After good night sleep and reading the previous discussion, I am no longer sure I have reduced my original problem to the right example. If we continue from previous setup and add the following:
ALTER TABLE customer ADD COLUMN age INTEGER;
UPDATE customer SET age = customer_id / 5;
CREATE INDEX ON customer (age);
CREATE INDEX ON product (customer_id);
SET enable_hashjoin = false;
SET enable_mergejoin = false;
EXPLAIN ANALYZE
SELECT *
FROM customer
JOIN view_customer
ON customer.customer_id = view_customer.customer_id
WHERE age < 20;
QUERY PLAN
---------------------------------------------------------------------------------------------------------------------------------------------
Nested Loop Left Join (cost=139.00..10392.96 rows=668 width=16) (actual time=0.528..35.120 rows=200 loops=1)

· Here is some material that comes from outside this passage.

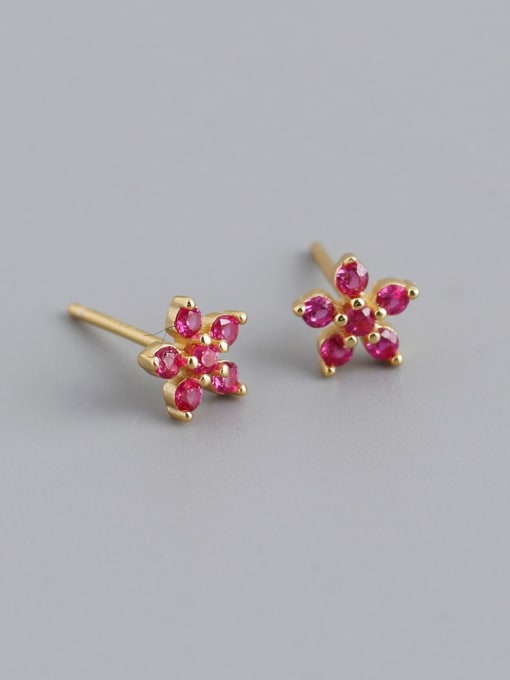 Red stone (gold) plastic plug 925 Sterling Silver Cubic Zirconia Flower Vintage Stud Earring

Join Filter: (c.customer_id = product.customer_id)
Rows Removed by Join Filter: 199900
-> Nested Loop (cost=0.28..199.21 rows=334 width=12) (actual time=0.075..1.146 rows=100 loops=1)
-> Seq Scan on customer (cost=0.00..21.51 rows=334 width=8) (actual time=0.067..0.282 rows=100 loops=1)
Filter: (age < 20)
Rows Removed by Filter: 901
-> Index Only Scan using customer_pkey on customer c (cost=0.28..0.53 rows=1 width=4) (actual time=0.006..0.006 rows=1 loops=100)
Index Cond: (customer_id = customer.customer_id)
Heap Fetches: 100
-> Materialize (cost=138.73..173.75 rows=2001 width=8) (actual time=0.005..0.130 rows=2001 loops=100)
-> Sort (cost=138.73..143.73 rows=2001 width=8) (actual time=0.448..0.588 rows=2001 loops=1)
Sort Key: product.customer_id, product.product_id
Sort Method: quicksort Memory: 142kB
-> Seq Scan on product (cost=0.00..29.01 rows=2001 width=8) (actual time=0.006..0.215 rows=2001 loops=1)
Planning time: 0.214 ms
Execution time: 35.284 ms
The planner prefer to use hash and merge joins which is ok, when many rows are to be joined, I don't think any condition can be merged to make these case faster. I have disabled merge and hash joins to get to a nested loop join instead, in this case it would be much better if customer_id can be pulled inside the loop, so it can look at only the relevant rows and not all rows for each loop. I somehow inferred that this would be the same as selecting from the view using IN clause, now I'm not so sure anymore.
I can see there is a trade off between planner time and how exotic the case is. If you want to be able to hide abstraction through views I guess the nature becomes more OLAP oriented than OLTP.